Las ricas metáforas anteriores, como la formulación de la necesidad de que en la literatura contemporánea se renueve lo bello, podrían resultar excesivamente insistentes en la búsqueda de ese continente -ya sea casa, palacio, vasija o cristal- que albergue lo aún más hermoso, la vida de hombre. No es así; Jiménez Lozano no cree en la distinción entre forma y fondo, para él las palabras son la carne de los cuentos, pero no se le oculta que en la contemporaneidad muchas veces se han buscado formulaciones grandilocuentes, formas enrevesadas que en su interior sólo poseían psicología, sociología o nada. Cree de tal manera que la forma y el fondo son una sola cosa, que se confundirán en el comentario que copio a continuación. Es decir, se entrelaza la mirada sobre la paradójica realidad que parece nada y es todo, y la paradoja de la escritura, que nombra las cosas siempre inquieta por la verdad y su hermosura: «Cervantes sabe, y lo muestra -y esto sólo lo saben y lo muestran los grandes, que nombran el mundo y las historias de los hombres como lo hizo Adán con los animales-, que todo es nada, sólo niebla y humo, y que también el escribir lo es. Qohélet ya lo había dicho más de dos mil años antes, pero también que no se dejarían de escribir libros, porque, al fin, el mundo y el rostro de los hombres y de los libros humo son, pero también gloria y alegría, y hay que desposar y vivir éstos, antes de bajar a lo oscuro, amparados a la luz del alma. Y esto es caer en la cuenta de que se tiene una, y de que ésta está siempre inquieta por la verdad y la hermosura. La escritura alimenta ese anhelo, y lo satisface con sus transfiguraciones y presencias reales. Lo demás es servir a duques y compadrear con mesoneros. Me parece» (El narrador y sus historias, 2003).

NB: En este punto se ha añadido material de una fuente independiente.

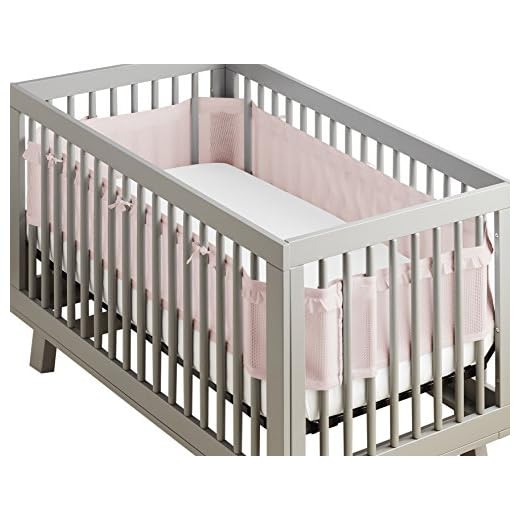 BreathableBaby Breathable Mesh Crib Liner – Deluxe Ruffle Collection – Blush – Fits Full-Size Four-Sided Slatted and Solid Back Cribs – Anti-Bumper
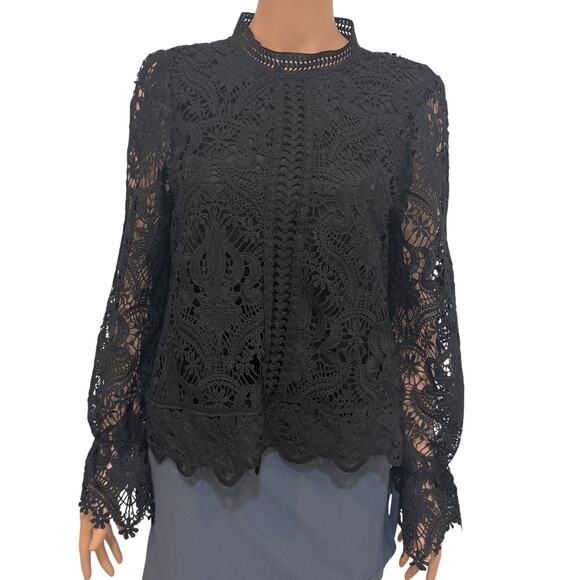 Ultra Pink medium high neck lace embroidered blouse top TLS1 2412 - Picture 1 of 12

Por eso termino este apartado casi como lo empecé, porque Jiménez Lozano discrepa de Walter Benjamin cuando dice que «hoy carecemos de historias memorables». Siendo uno de los críticos con los que más coincide, difiere de su pesimista pronóstico: «Y yo no estoy tan seguro de ello, o más bien estoy cierto de lo contrario, aunque otro asunto es, ciertamente, que nuestra última cultura sólo desee echárselas encima, y todo resulte como si no existiesen» (El narrador y sus historias, 2003). Es decir, su certeza descansa en que las historias de hombre no pueden acabarse mientras exista el hombre, incluso aunque se deban rescatar de entre las ruinas de los culebrones.
En este sentido, toda la luz, todo el ardor de la escritura, toda la belleza, se alzan para poder llegar a sus lectores que no son monos, sino hombres. Quiere que su obra ‘luceat et ardeat', que la belleza de las palabras y de la historia llegue a ese lector -«que brille por su hermosura, y que esa hermosura perturbe y queme a quien se acerque a ella»-, que es su lector: «quiero que mis lectores sean míos. Esto es, de mis libros. Que sean ellos los que los descubran y les hieran, que no puedan quedar inmunes a su lectura» ("Desde mi Port-Royal", 1983).
Sus lectores no son monos, sino hombres, porque siguen buscando conocerse y exaltar su naturaleza de tales, deciden estar acompañados por la rica memoria de una tradición de hombres que con sus gestos, acciones, dolores y esperanzas no han dejado de ser quienes eran y han acompañado a otros hombres. La osadía del escritor consiste entonces en ser fiel a las historias de hombre y a los lectores, cosa que, como veremos, exige elecciones no siempre fáciles de tomar.